[Date Prev][Date Next] [Chronological] [Thread] [Top]

Re: Normalizing directory data (Was: Distinguished name format & RFC 1779)



At 02:52 PM 8/26/99 +0200, Hallvard B Furuseth wrote:
>Kurt D. Zeilenga writes:
>> likely the exact form of the DN provided with the ADD operation will
>> be stored in the directory and that this would be returned by the
>> search (with minimal rewriting to conform to RFC2253, Section 4).
>
>I think it would be a bad idea to store unnormalized data by default.
>Here are my reasons.  Other opinions?

Normality is an undefined state.

Some might argue that we should normalize to their personal preferred
form, but it's their personal preferred form.  Their arguments for
their particular form are just as good as our arguments for our
preferred forms.  It quickly because a religious issue.  One way to
avoid this is to preserve the representation provided by the user.
Another way is to provide DN rewrite pluggins... (hint).
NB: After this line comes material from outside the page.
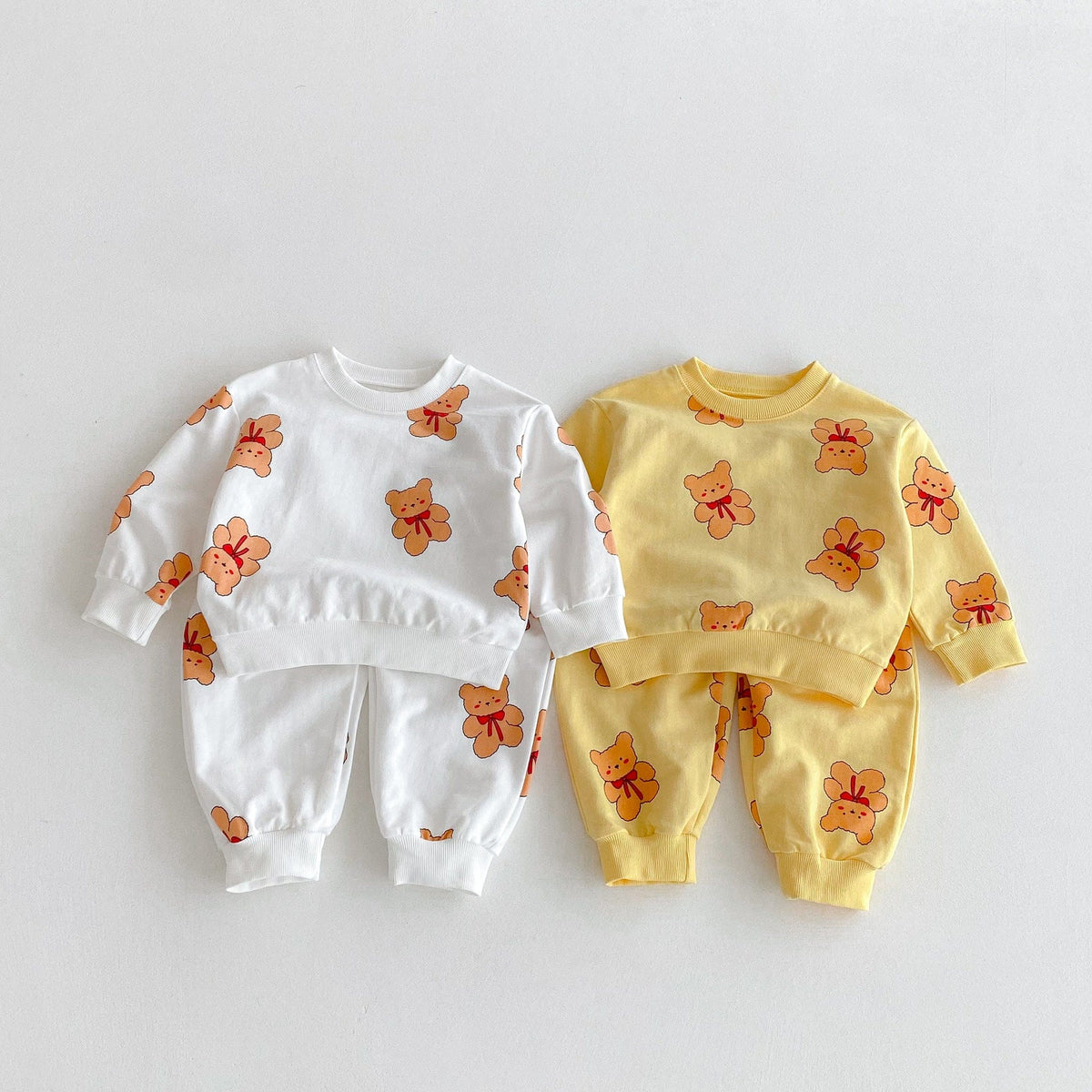 クマプリント長袖スウェット&ロングパンツの2点セット(白・イエロー)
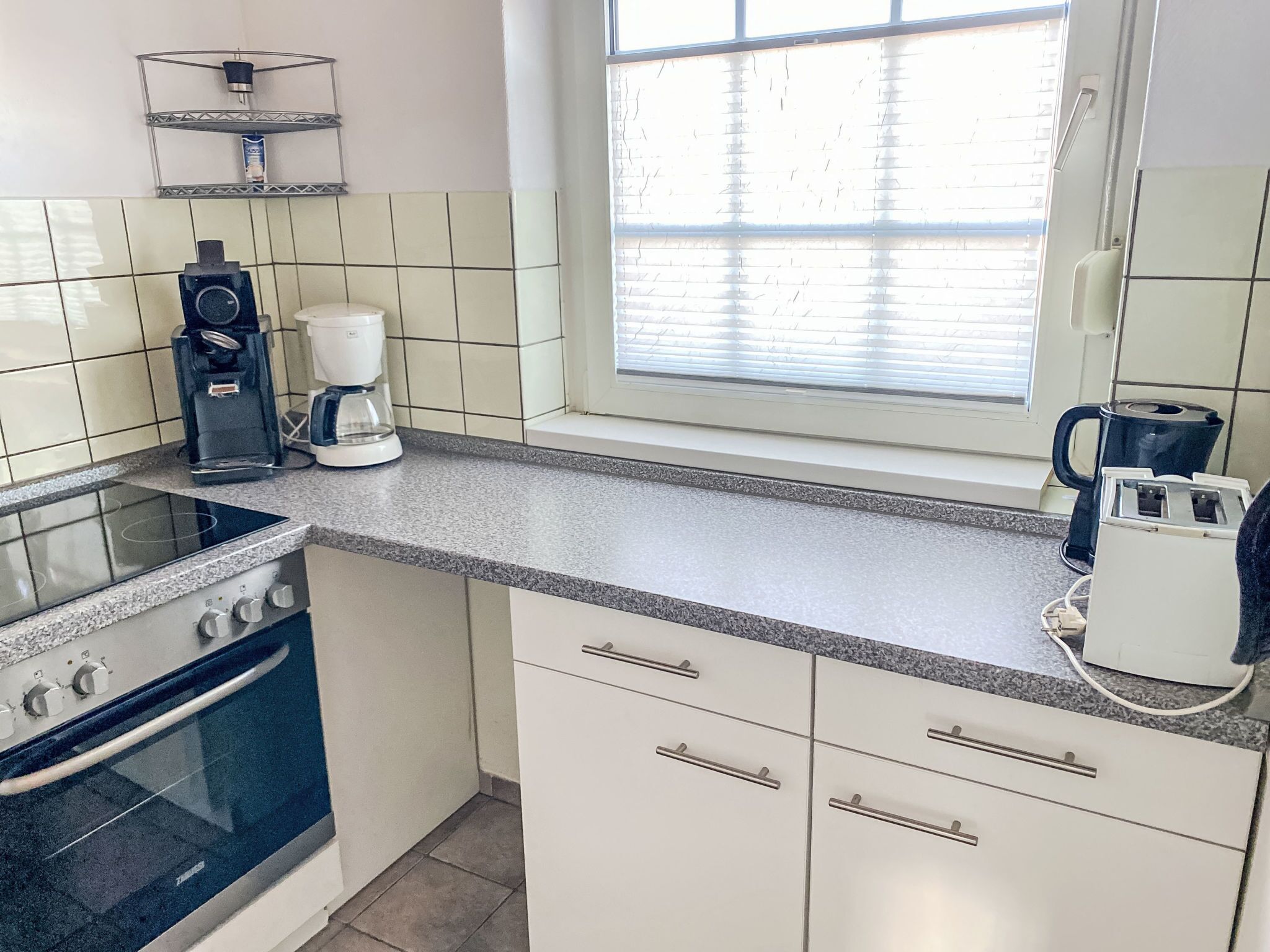 A kitchen with a stove, coffee maker, and kettle.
There are some cases where we must rewrite the DN before providing
it (optimally done on input, not output).  We must allow accept
any DN that RFC1779 allows, but rewrite it as necessary to provide
it back in RFC2253 form.  This, of course, can be done on input or
output.  Also, there are some DN forms that LDAPv2 clients are likely
not to understand.  As such there is some rewriting of valid RFC2253
DNs.  Namely, attribute type should be rewritten into the canonical
form (commonName->cn, 2.5.4.3->cn).

I believe our default DN rewriter should do the minimum required
for LDAPv2/LDAPv3 compatibility.

>- Speaking as the maintainer of a directory with user data, users
>  come up with an impressive number of ugly ways to format data.

Uglyness is in the eye of the beholder.  In fact, some would object
to codes prettying up their purposely ugly dn values.  That is,
I would never rewrite 'cn=#030405, o=foo' to 'cn=\03\04\05, o=foo'
or vice versa.  However, some folks likely prefer one form over the
other.

>- A piece of data is (usually) entered once but read many times.  Even
>  if normalization annoys the person who wanted to store `O = "Foo"',
>  he's only one.  The unnormalized form will be ugly to many who see
>  it in the middle of a list where most use the format `o=Bar'.

But if the maintainer says 'O = "FOO"', that's what she wants,
the software has little business rewriting it.

>- Directory browsers will automatically handle data more consistently
>  if it's normalized, e.g. `O = "Foo"' and `2.5.4.10=Foo' sort before
>  `o=Bar' but the normalized `o=Foo' doesn't.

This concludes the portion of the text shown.